France and Germany are creating "turbulence" in Europe with their directive policy-making, former European Commission president Romano Prodi told a Greek newspaper in an interview Sunday.
"My worry is that the Franco-German duo is not enough in a European Union of 27 countries and a eurozone of 17 nations and so this duo cannot take decisions which it then seeks to impose on others, especially since there is so much disagreement betwen the two," said Prodi. "Since there are huge problems of debt in certain countries, this can create turbulence," he told To Vima.

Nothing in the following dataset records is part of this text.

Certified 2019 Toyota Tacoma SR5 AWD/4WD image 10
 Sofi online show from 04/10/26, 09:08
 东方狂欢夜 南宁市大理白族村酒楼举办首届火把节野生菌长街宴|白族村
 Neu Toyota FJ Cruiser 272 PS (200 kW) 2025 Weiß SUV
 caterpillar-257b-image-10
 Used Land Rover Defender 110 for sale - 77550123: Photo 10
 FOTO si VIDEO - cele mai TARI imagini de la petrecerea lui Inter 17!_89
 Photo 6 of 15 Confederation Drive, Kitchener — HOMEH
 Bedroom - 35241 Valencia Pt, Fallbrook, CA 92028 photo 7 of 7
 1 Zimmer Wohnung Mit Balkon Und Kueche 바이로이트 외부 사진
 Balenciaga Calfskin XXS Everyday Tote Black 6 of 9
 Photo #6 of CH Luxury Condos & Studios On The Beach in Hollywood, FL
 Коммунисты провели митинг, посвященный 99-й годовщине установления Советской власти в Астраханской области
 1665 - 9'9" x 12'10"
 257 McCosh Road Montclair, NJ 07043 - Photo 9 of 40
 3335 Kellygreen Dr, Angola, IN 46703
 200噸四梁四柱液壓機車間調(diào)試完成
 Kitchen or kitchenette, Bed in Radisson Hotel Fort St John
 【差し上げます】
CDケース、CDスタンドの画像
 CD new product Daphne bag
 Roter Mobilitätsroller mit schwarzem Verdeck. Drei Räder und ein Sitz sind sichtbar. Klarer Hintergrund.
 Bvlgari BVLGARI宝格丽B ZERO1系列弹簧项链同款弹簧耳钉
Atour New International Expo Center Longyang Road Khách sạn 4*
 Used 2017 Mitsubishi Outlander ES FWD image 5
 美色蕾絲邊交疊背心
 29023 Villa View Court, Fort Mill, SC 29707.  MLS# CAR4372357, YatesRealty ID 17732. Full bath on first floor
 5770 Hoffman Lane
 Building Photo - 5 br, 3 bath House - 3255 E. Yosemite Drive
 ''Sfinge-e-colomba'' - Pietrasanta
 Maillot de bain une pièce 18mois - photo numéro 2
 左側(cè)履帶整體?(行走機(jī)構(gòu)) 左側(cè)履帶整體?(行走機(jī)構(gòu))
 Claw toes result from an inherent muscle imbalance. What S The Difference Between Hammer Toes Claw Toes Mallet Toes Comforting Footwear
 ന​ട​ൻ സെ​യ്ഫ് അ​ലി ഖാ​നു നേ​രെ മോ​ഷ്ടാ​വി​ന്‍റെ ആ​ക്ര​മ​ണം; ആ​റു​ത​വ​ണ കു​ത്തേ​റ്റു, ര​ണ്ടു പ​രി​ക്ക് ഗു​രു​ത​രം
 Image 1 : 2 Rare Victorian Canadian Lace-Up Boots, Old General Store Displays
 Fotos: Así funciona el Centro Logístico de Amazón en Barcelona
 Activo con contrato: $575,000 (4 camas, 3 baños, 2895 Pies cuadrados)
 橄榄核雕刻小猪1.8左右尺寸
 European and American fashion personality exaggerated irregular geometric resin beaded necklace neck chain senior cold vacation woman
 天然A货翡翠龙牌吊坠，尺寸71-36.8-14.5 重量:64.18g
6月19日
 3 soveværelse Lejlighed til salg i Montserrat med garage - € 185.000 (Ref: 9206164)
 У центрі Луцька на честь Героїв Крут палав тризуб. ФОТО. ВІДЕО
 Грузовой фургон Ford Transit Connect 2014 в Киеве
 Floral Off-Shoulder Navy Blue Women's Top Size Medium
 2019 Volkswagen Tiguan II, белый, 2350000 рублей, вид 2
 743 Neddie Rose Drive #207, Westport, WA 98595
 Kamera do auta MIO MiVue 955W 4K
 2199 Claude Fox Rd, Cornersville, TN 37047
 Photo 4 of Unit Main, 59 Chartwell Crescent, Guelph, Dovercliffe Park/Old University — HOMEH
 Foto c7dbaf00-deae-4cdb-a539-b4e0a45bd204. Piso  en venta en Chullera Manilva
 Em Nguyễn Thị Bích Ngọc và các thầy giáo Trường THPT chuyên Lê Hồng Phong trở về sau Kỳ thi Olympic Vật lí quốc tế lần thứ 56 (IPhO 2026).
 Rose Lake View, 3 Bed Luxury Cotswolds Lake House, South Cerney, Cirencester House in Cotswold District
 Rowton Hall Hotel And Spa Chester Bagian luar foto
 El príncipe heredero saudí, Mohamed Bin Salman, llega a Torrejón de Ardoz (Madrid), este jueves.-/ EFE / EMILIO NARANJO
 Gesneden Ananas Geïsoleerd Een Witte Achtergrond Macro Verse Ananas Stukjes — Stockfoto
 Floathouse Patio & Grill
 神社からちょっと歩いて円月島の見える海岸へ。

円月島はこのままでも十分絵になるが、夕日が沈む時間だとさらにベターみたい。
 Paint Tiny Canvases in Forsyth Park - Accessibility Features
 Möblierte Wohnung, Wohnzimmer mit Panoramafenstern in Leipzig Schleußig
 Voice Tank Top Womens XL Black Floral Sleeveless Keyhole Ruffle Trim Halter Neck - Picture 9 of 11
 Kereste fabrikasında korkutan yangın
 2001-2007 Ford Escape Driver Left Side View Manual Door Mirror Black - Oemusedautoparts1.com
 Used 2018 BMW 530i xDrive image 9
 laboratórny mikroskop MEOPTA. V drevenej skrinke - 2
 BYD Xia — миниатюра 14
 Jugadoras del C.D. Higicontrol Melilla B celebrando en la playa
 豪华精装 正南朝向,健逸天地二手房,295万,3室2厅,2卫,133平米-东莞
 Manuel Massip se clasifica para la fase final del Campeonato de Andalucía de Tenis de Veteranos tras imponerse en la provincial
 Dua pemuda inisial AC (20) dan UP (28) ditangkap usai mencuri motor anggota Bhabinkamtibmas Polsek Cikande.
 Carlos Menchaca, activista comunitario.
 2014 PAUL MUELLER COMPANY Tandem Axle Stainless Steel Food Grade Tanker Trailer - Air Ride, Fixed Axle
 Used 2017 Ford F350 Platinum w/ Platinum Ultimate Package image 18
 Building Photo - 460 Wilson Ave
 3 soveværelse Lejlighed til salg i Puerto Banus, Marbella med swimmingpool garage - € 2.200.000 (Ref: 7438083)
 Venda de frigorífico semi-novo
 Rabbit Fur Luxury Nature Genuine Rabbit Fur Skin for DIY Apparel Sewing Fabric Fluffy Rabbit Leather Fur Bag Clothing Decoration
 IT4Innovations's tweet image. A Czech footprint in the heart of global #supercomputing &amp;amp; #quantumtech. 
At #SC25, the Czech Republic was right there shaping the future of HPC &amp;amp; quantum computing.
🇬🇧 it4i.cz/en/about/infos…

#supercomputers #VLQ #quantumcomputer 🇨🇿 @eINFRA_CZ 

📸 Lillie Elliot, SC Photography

French President Nicolas Sarkozy and German Chancellor Angela Merkel have been instrumental in negotiating bailouts and emergency solutions for the eurozone at several crisis summits but their bullish approach to saving the euro has met with criticism from other European nations who see themselves excluded from discussions.
Prodi, who presided over the EU's executive Commission from 1999 to 2004 after two years as Italian prime minister in 1996-1998, also told To Vima that he saw eurobonds as a possible solution to the ever-widening debt crisis.
"Eurobonds are a viable solution, fair and clear, I'm not saying that it is the only solution but we are facing a real political problem and if there is no political will, we cannot find a viable solution," he said.
If Europe's main banks released eurobonds, two trillion euros could be freed up for strengthening the euro currency and a further trillion used to build a reliable investment structure in Europe, Prodi said.